--- INSTRUCTIONS TO FOLLOW ---
With the material below, print exactly the lines between the line holding "Háromdimenziós karton dinoszaurusz" and the line holding "Norimpex pictură cu", inclusive. Add nothing else.

--- THE INPUT ---
::::::::

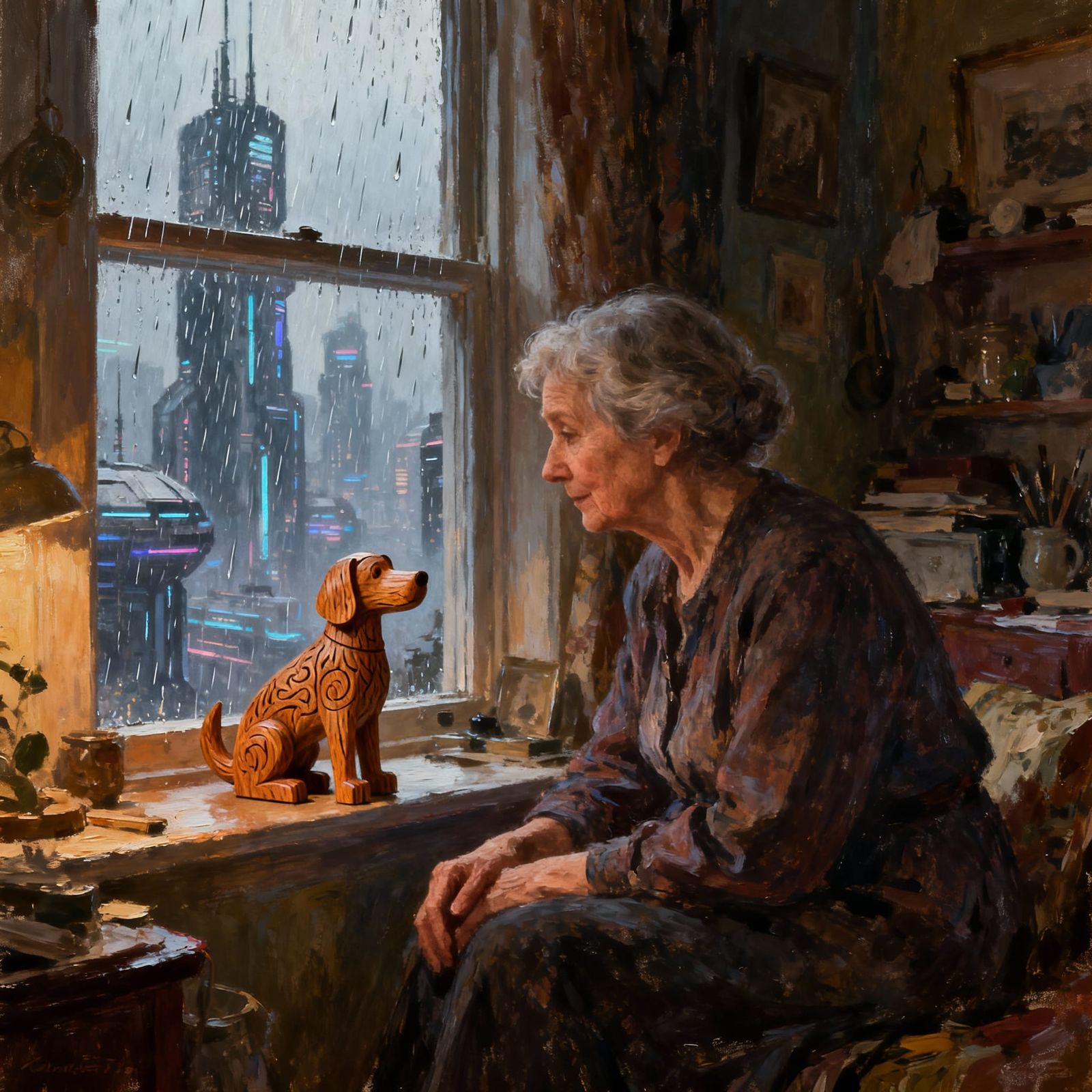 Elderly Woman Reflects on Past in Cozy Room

::::::::

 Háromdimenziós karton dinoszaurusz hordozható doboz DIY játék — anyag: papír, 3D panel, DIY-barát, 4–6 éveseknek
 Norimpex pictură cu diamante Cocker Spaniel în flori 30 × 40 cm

::::::::

--- ANSWER BOX ---
 Háromdimenziós karton dinoszaurusz hordozható doboz DIY játék — anyag: papír, 3D panel, DIY-barát, 4–6 éveseknek
 Norimpex pictură cu diamante Cocker Spaniel în flori 30 × 40 cm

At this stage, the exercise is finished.